■ **Directions for this task**
Every line of the data below must be output exactly, with images left out.

■ **Data provided**
-- Opening Marker --
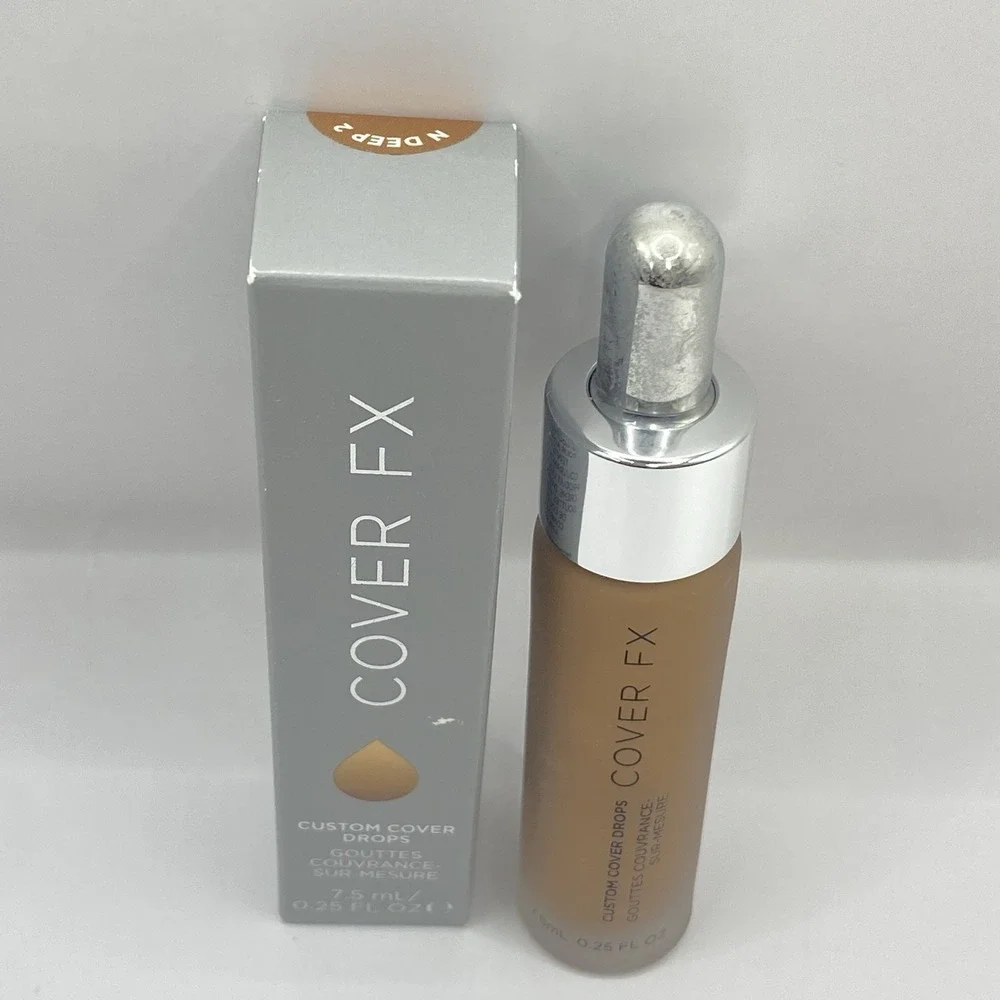 Cover FX Custom Cover Drops ~ N Deep 2 ~ 7.5 ml / 0.25 oz ~ BNIB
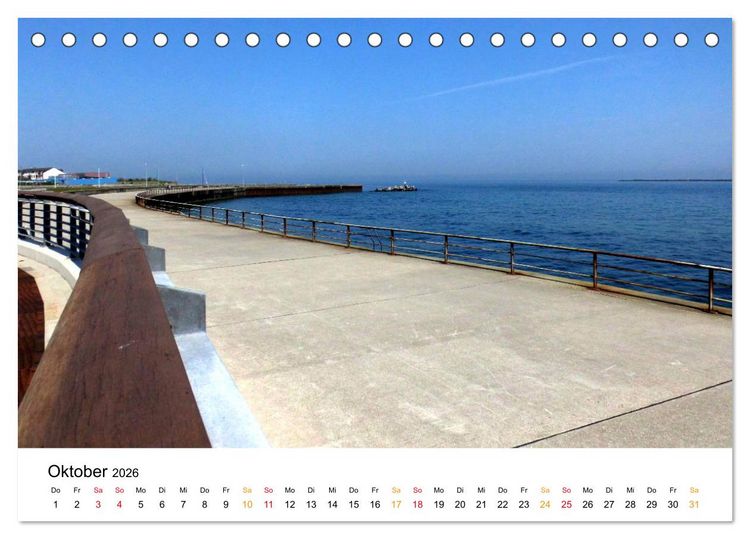 Produktbild: Helgoland Kalender (Tischkalender 2026 DIN A5 quer), CALVENDO Monatskalender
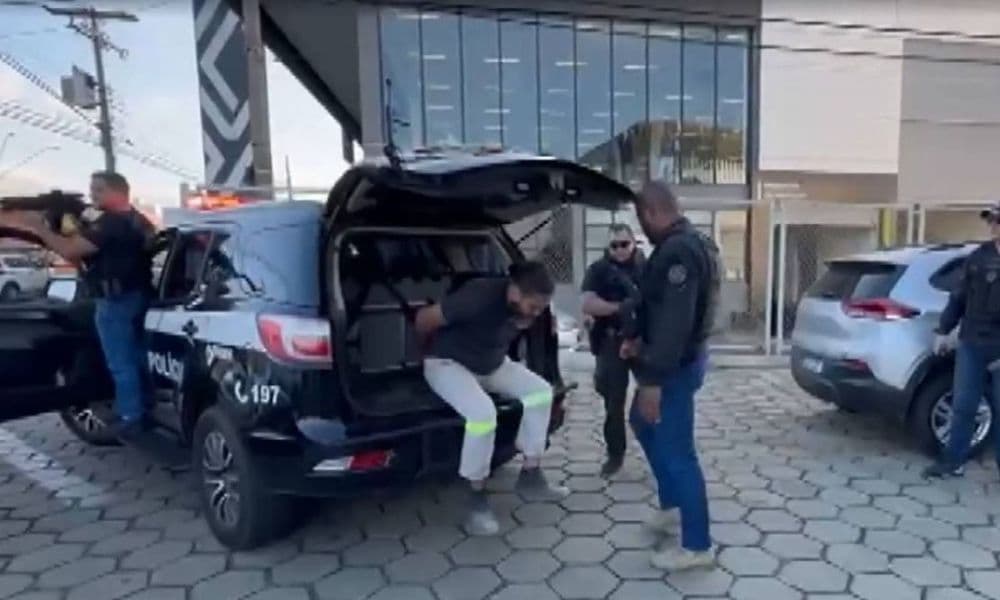 Grude, chefe de facção criminosa, é preso em operação conjunta das polícias da Bahia e São Paulo.; Reprodução: Globo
-- Closing Marker --
■ **Response to this exercise**
 Cover FX Custom Cover Drops ~ N Deep 2 ~ 7.5 ml / 0.25 oz ~ BNIB
 Produktbild: Helgoland Kalender (Tischkalender 2026 DIN A5 quer), CALVENDO Monatskalender
 Grude, chefe de facção criminosa, é preso em operação conjunta das polícias da Bahia e São Paulo.; Reprodução: Globo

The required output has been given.